El Ministerio de Trabajo aprobará el próximo martes en el Consejo de Ministros la transposición de parte de la directiva de condiciones laborales transparentes para intentar evitar una multa de la Comisión Europea por el retraso en la incorporación a la legislación nacional de la norma, en vigor desde 2019. Trabajo intentó aprovechar la transposición para elaborar una ley más amplia, pero el proyecto lleva en el Congreso desde 2024 y el proceso legislativo permanece estancado por la falta de apoyos del Ejecutivo.
Según fuentes del ministerio, el real decreto incorpora varios de los términos esenciales de la directiva, que consisten en trasladar a las empresas más obligaciones formales de información sobre las condiciones laborales de cada trabajador.

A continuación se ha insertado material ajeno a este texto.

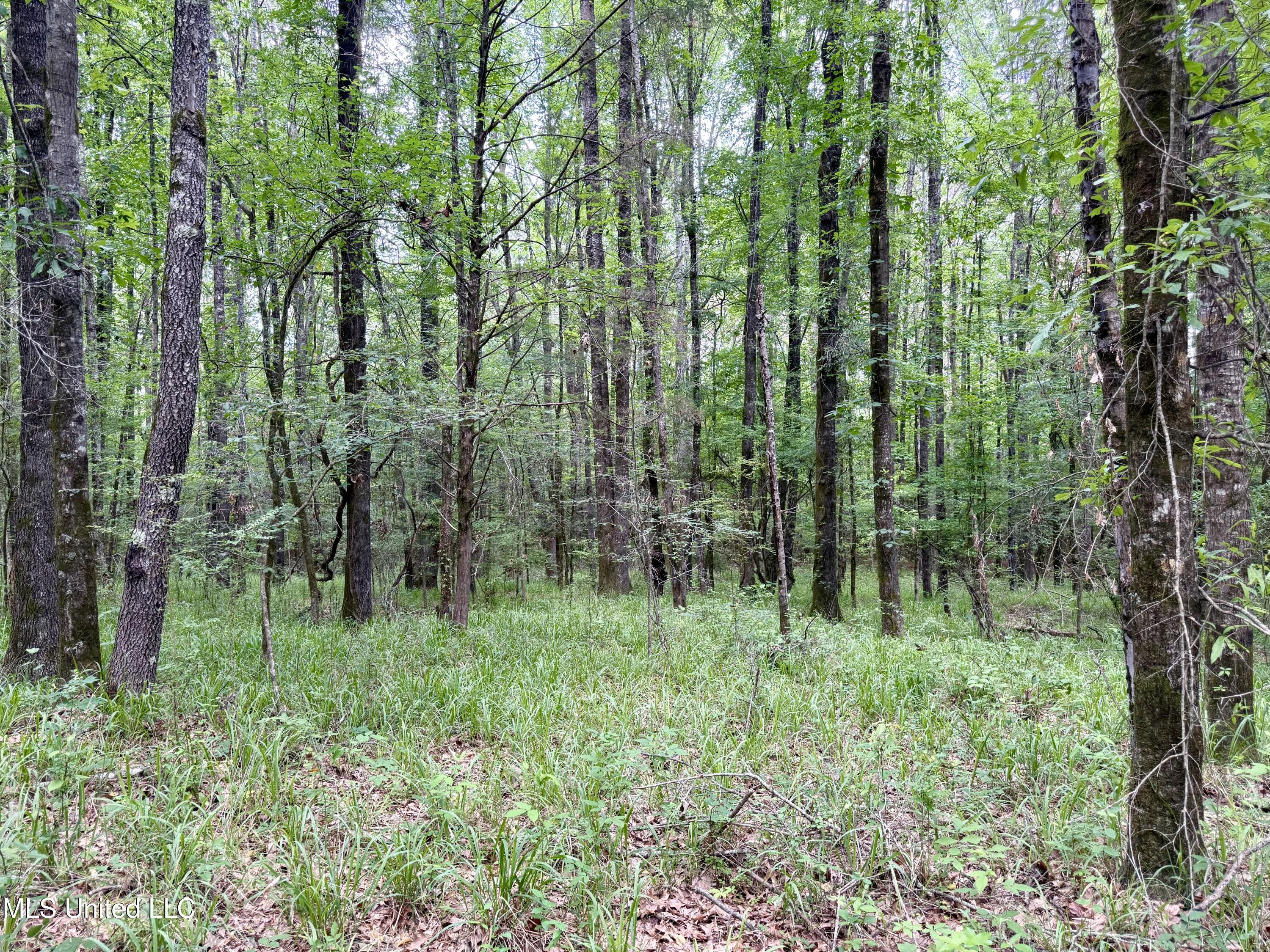 Stephens Rd, Durant, Mississippi image 11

Aunque las nuevas obligaciones de información son para todas las empresas, solo se tendrán que incorporar en los nuevos contratos. Para los contratos ya existentes, es el trabajador el que tiene que solicitar expresamente por escrito que se informe de los detalles si no cuenta con ellos en la actualidad, y la empresa debe responderle en un plazo de 30 días.

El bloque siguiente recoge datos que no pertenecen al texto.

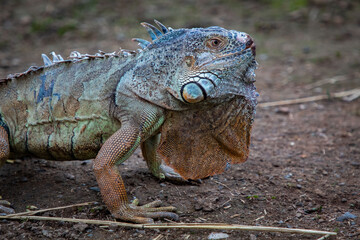 Obraz premium A close up of an iguanas face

La norma obliga a las empresas a detallar por escrito los elementos esenciales del contrato, como son la remuneración, la duración de la jornada, la distribución y el periodo de prueba desde el inicio de la relación laboral. Aspectos que ya se cumplen en algunos casos, pero que quedan difusos en otros. Puede beneficiar, especialmente, a los trabajadores con horarios variables o irregulares, que tendrán derecho a tener horarios de trabajo y de descanso más previsibles, conociendo al menos el patrón por el que se pueden establecer.